A close relative motivates the surrealist art in this conventional Colonial in Blue Bell.

The living room , where upholstered couches and chairs fill a naturally lit space. ED HILLE / Staff Photographer
The living room , where upholstered couches and chairs fill a naturally lit space. ED HILLE / Staff PhotographerRead more

The decor of Melinda and Grif Bates' Blue Bell Colonial reflects the couple's traditional tastes.

Then there is the art: twenty colorful, surrealist paintings prominently displayed throughout the two-story residence.

Combining abstract depictions of faces, birds, animals, and geometric shapes with conventional furnishings - china cabinets, an upright piano, and upholstered chairs and couches, for example - has produced a strikingly attractive home.

The art is the work of Grif's father, Grif Bates Jr., a retired physician whose "passion is now painting," says his son, Grif Bates III. Dr. Bates' work has been exhibited at shows in Maryland and Vermont.

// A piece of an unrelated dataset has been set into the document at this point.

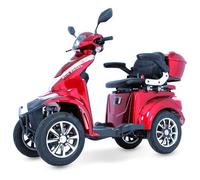 ECO ENGEL 532 Rot, Seniorenmobil 4 Rad Quad, Elektromobil, Elektroroller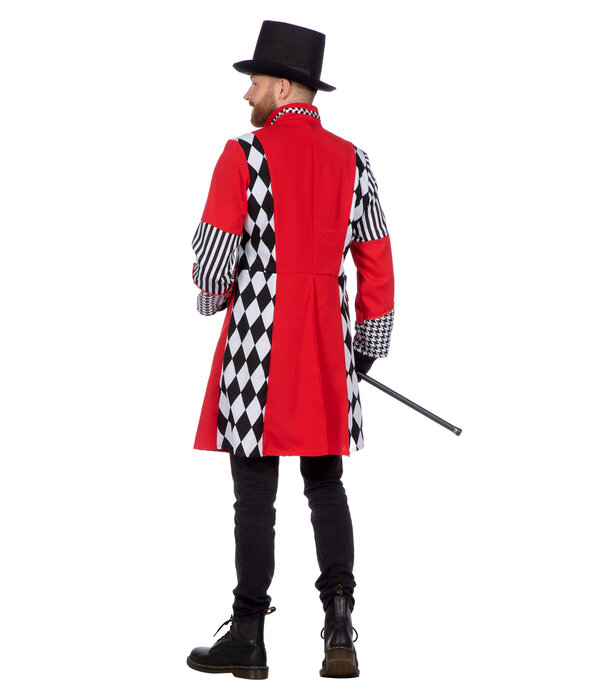 Jas Ruiten rood/wit/zwart Heren Premium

"The paintings are probably not the kind we would buy," says the younger Bates, 54. But Grif and Melinda, 52, have grown to appreciate his father's artwork and have made it a focal point of their home, whose pale gold and "ancient marble" walls pick up colors in the paintings.

Melinda, a graphic artist, has added her own creative touches to the home, arranging an assortment of sea-related objects under glass in the coffee table in the living room. There are pink scallops from vacations on the west coast of Florida; stones and shells from trips to Maine, Ireland, France, and the Caribbean, and sea dollars and spiny conches from Maryland's Eastern Shore, where Grif's parents live. Shards of sea glass came from the Choptank River in Maryland.

Melinda uses a round table nearby as a work area. She makes mittens from recycled felted sweaters to sell at craft shows and at shops in Doylestown and Flourtown. And when she takes a break, she can admire her garden from a wall of windows.

Over the years, Melinda has cultivated their acre with beds of perennials, planted weeping cherry and ornamental plum trees around the pergola over the hot tub, and grown annuals in unusual ceramic pots she finds at flea markets. She and her husband tend the grounds together.

"The artistry is Melinda's. I do the heavy lifting," Grif says, including hanging a variety of bird feeders from the tree branches.

In April, the Bates home was a stop on the "Blue Bell in Bloom" tour sponsored by the Norristown Garden Club, of which Melinda is a member.

And recently, after taking a class in beekeeping at Temple University-Ambler, the Bateses installed hives in a fenced area behind the house.

"Next year, we'll have honey, she says.

"Maybe this year," he says.

Melinda is grateful to have had 18 years in Blue Bell to watch her garden, as well as her family, flourish - she and Grif have two grown daughters.

Early in their marriage, they moved every four years, she says, living in Connecticut, Virginia, and Ohio. In 1995, they relocated to Montgomery County when Grif took a position in the marketing department of Merck & Co. in West Point. Now retired from Merck, he works as a consultant.

Over the years, the couple have made several improvements to the four-bedroom Colonial built in 1972, including converting the formal parlor at the front of the house into a study closed off by French doors.

"I wanted to create a quiet place," Melinda says. The small room is anchored by a handsome oak rolltop desk "too big to move anywhere else," she says.

The rest of the first floor was opened up by taking down a wall between the kitchen and tiny dining room and the sunroom and living room.

The couple kept the classic white kitchen cabinets and installed black appliances and black granite countertops. Adding color are yellow walls lined with Mexican tiles and two Tiffany-style light fixtures.

Melinda made the window treatments throughout the house, including the violet and chartreuse curtains in her daughters' rooms upstairs.

The violet room belongs to Caroline, 23, who is pursuing a teaching career. Natalie, 21, who has a turquoise room, attends Lehigh University, where two of her grandfather's paintings hang in her dorm room.

Melinda chose more subtle colors for the master bedroom: sand-colored walls and carpet and a sky-blue ceiling.

"I feel like I'm at the beach," she says.